╭─ Given records

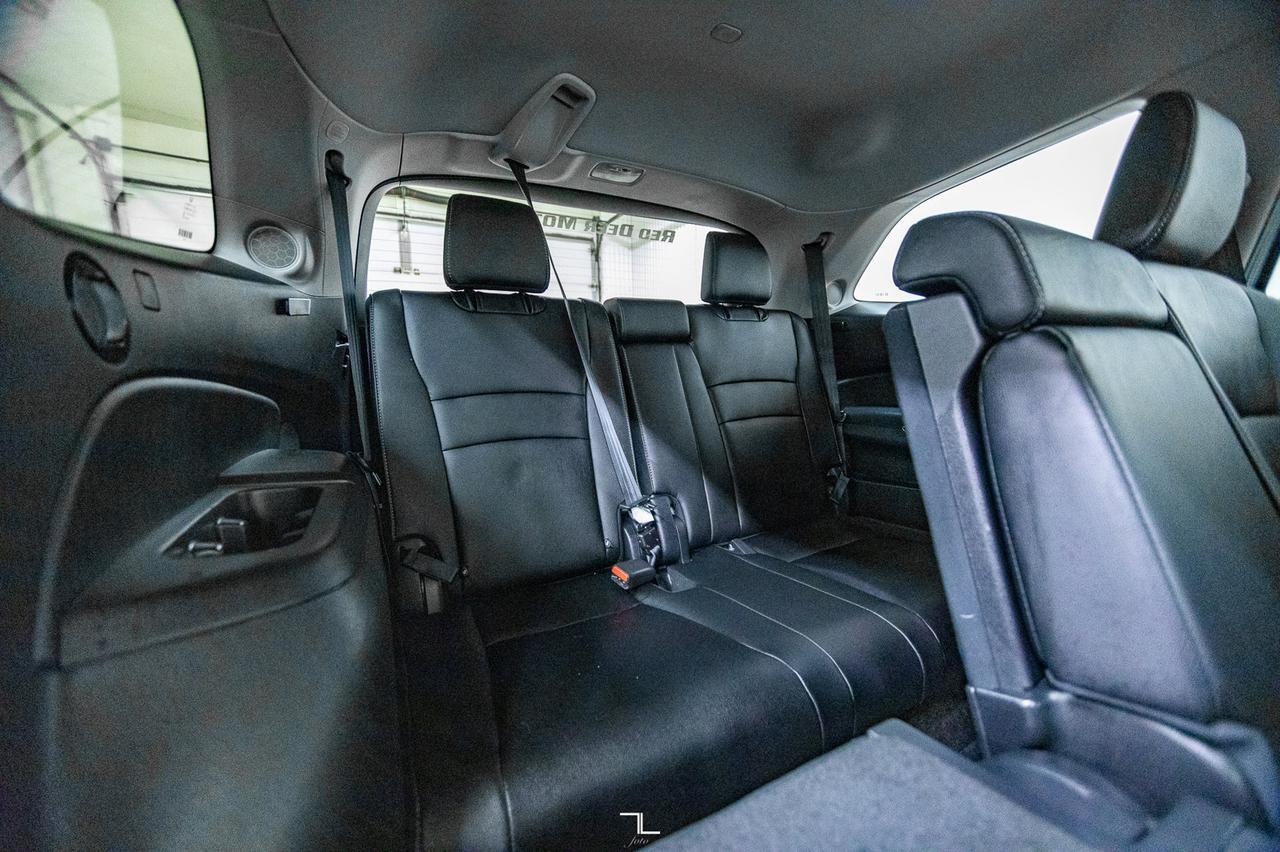 2022 Honda Pilot AWD Touring Leather Roof Nav 8 Pass Red Deer AB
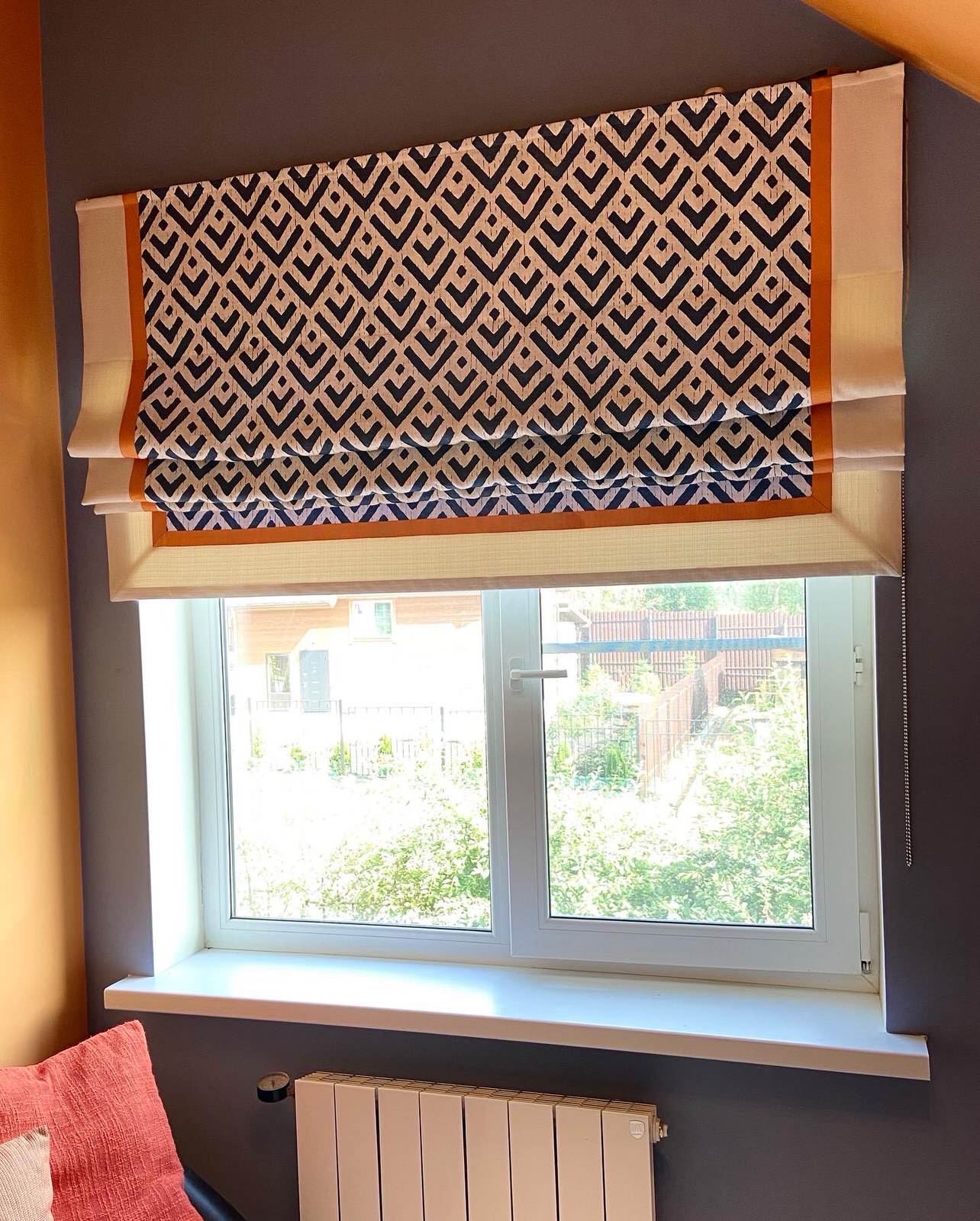 C5A6253C-2EB7-4E38-BB6E-7B5739F8F1C3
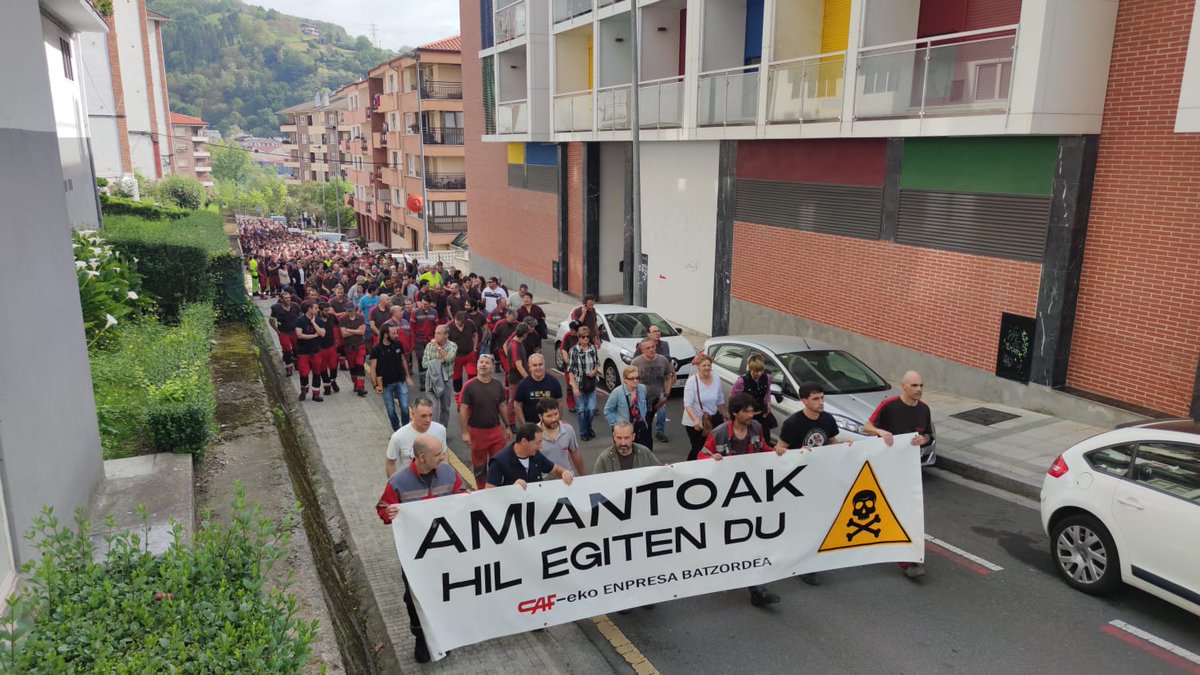 labcaf's tweet photo. Lan Osasunaren nazioarteko egunaren harira Beasain eta Irungo lan zentroetan lanuzteak eta mobilizazio ezberdinak burutu ditugu.

https://t.co/3oi42rowPn

#amiantoa #asviamie #CAF #beasain #irun https://t.co/35LGPrxmFP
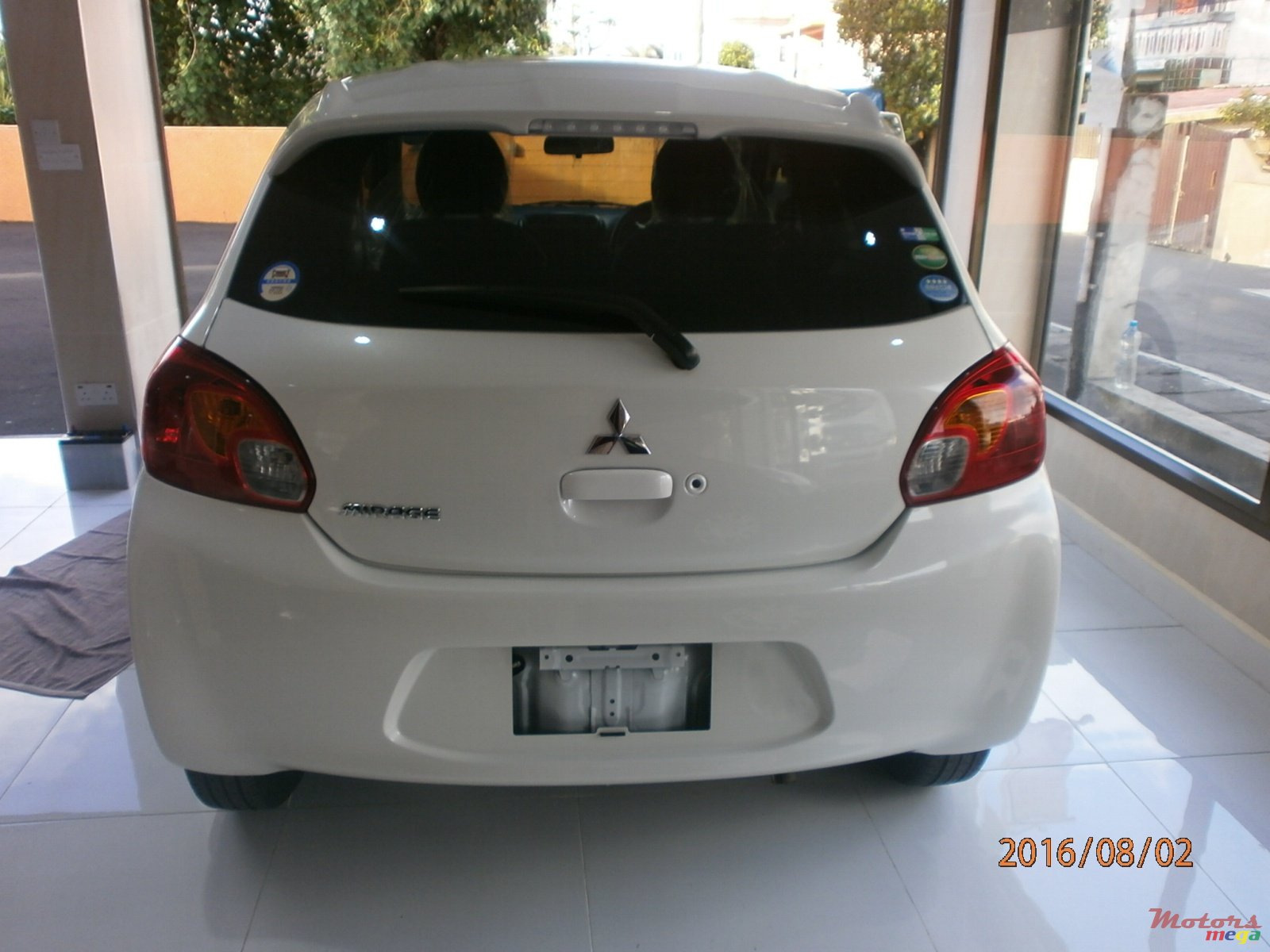 2013' Mitsubishi Mirage photo #2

╰─

Work task: Whenever a line includes the word "https", pull it out of the entries.

Result of the task:
https://t.co/3oi42rowPn
#amiantoa #asviamie #CAF #beasain #irun https://t.co/35LGPrxmFP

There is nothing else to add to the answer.